__Exercise prompt__
From the records below, please print only the lines from the one containing "29 idées de" through the one containing "AnyaTaylor_", both included. Skip the pictures.

:: Given data ::

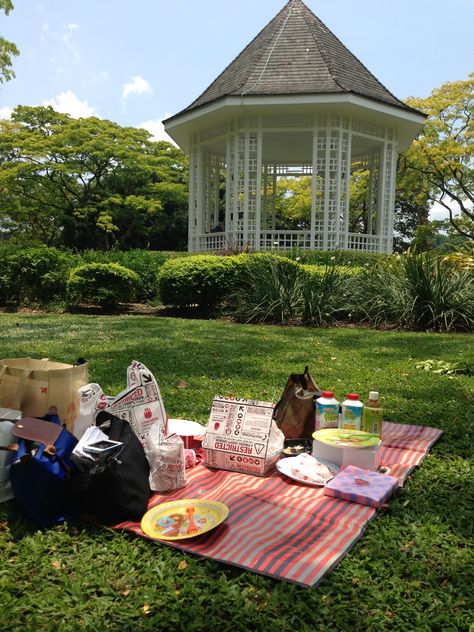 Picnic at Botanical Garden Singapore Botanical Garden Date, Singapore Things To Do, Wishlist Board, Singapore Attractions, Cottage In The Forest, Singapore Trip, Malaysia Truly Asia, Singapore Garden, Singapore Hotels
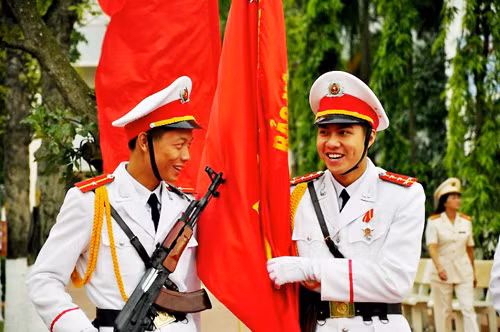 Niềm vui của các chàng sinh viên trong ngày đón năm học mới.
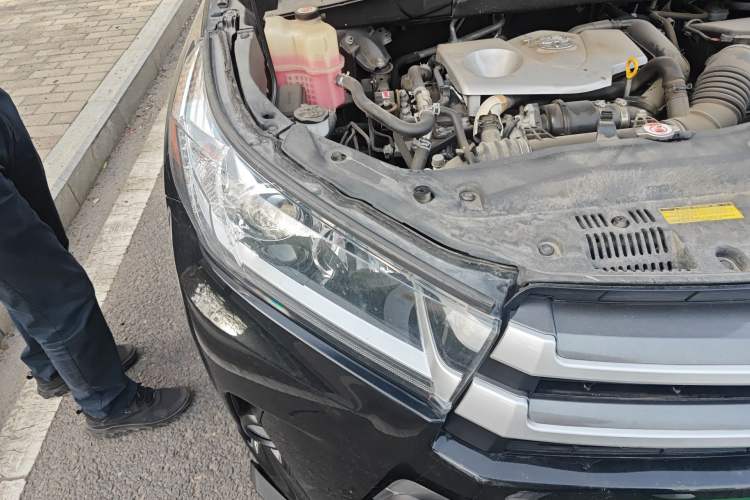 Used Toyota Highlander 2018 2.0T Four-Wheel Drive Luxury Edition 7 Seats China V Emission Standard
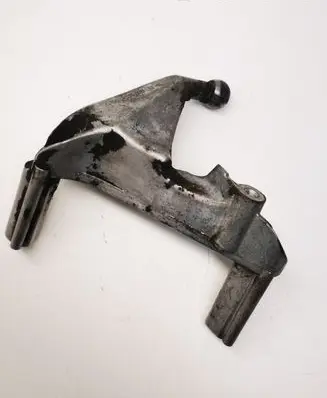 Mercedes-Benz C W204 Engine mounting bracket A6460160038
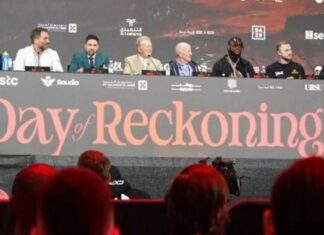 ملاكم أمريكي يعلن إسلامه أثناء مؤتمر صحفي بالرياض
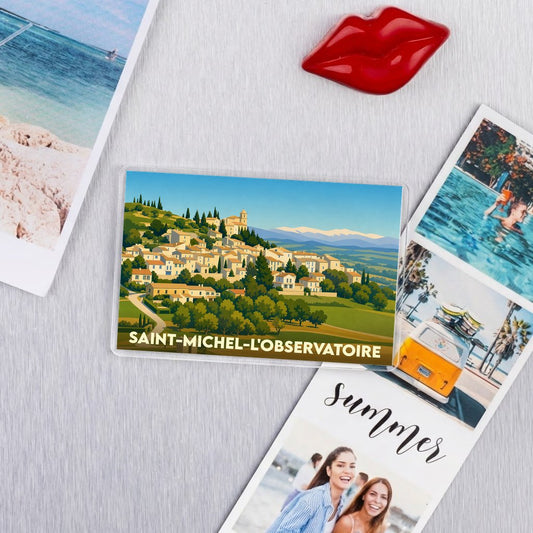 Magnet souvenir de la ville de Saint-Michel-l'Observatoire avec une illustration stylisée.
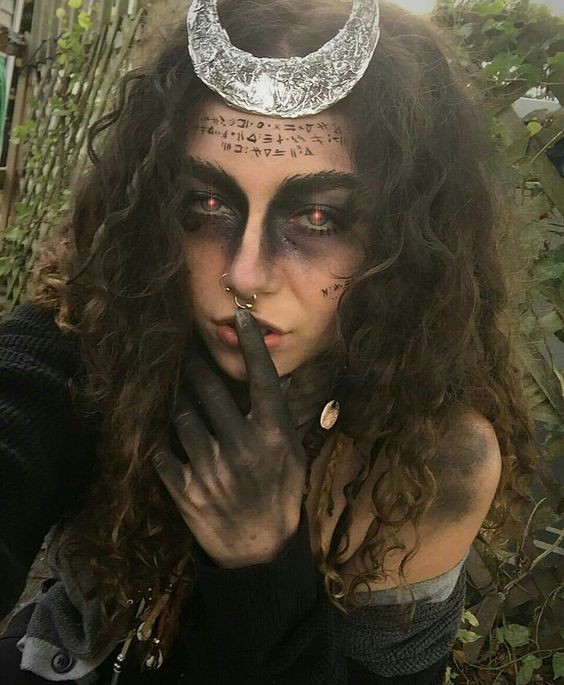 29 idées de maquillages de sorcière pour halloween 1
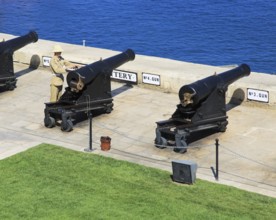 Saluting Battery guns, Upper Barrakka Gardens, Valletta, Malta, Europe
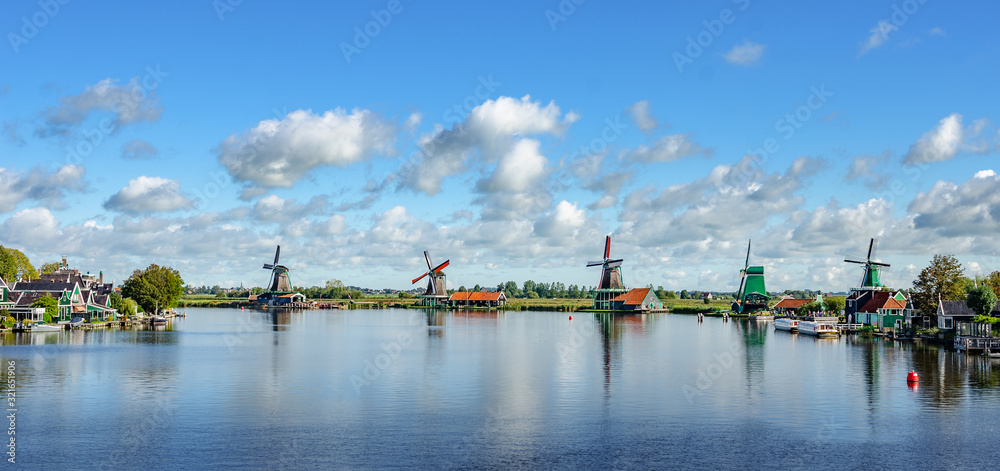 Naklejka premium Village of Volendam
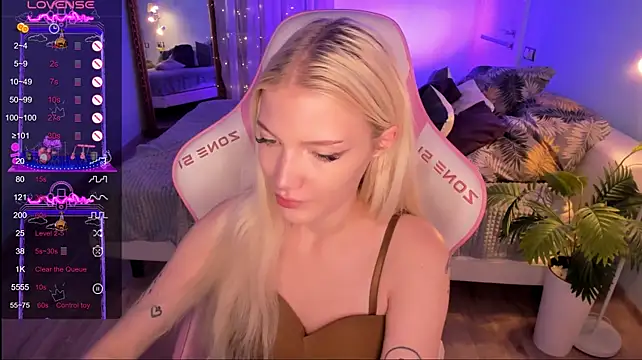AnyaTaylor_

:::
:: Given data ::

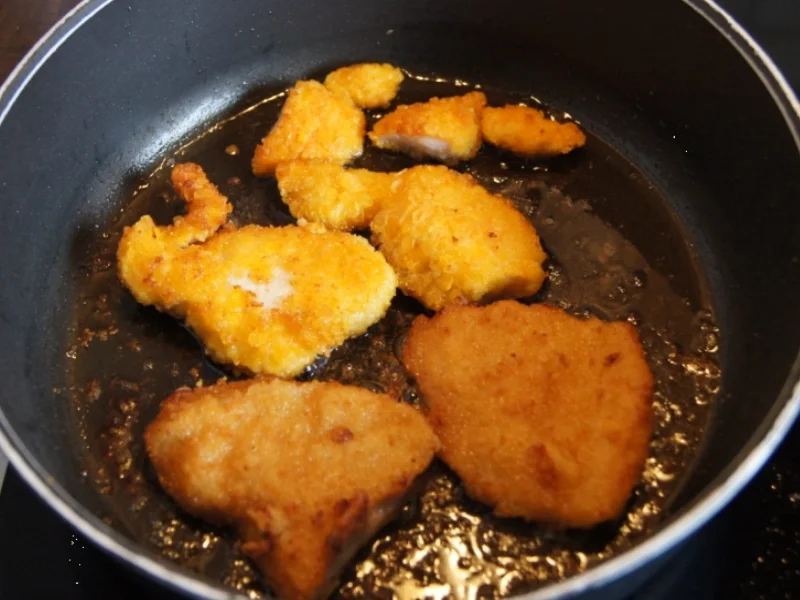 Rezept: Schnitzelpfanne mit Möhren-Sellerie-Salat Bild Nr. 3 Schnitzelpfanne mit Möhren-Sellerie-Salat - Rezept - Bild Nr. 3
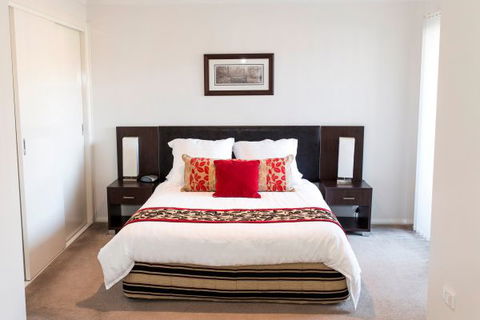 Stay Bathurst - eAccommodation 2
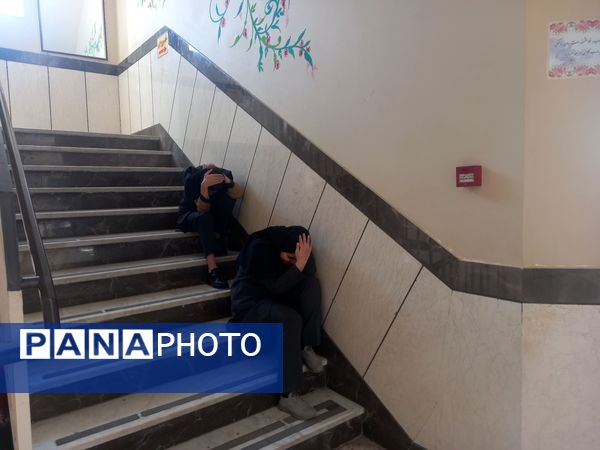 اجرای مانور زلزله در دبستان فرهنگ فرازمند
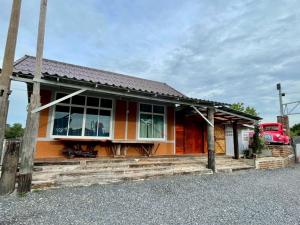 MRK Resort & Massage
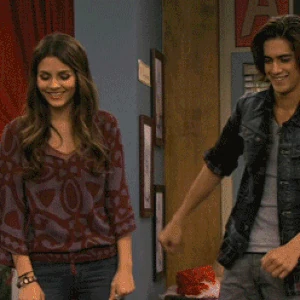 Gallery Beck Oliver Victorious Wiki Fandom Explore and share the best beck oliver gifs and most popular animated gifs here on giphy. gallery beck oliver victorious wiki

:::

__Result of this task__
 29 idées de maquillages de sorcière pour halloween 1
 Saluting Battery guns, Upper Barrakka Gardens, Valletta, Malta, Europe
 Naklejka premium Village of Volendam
AnyaTaylor_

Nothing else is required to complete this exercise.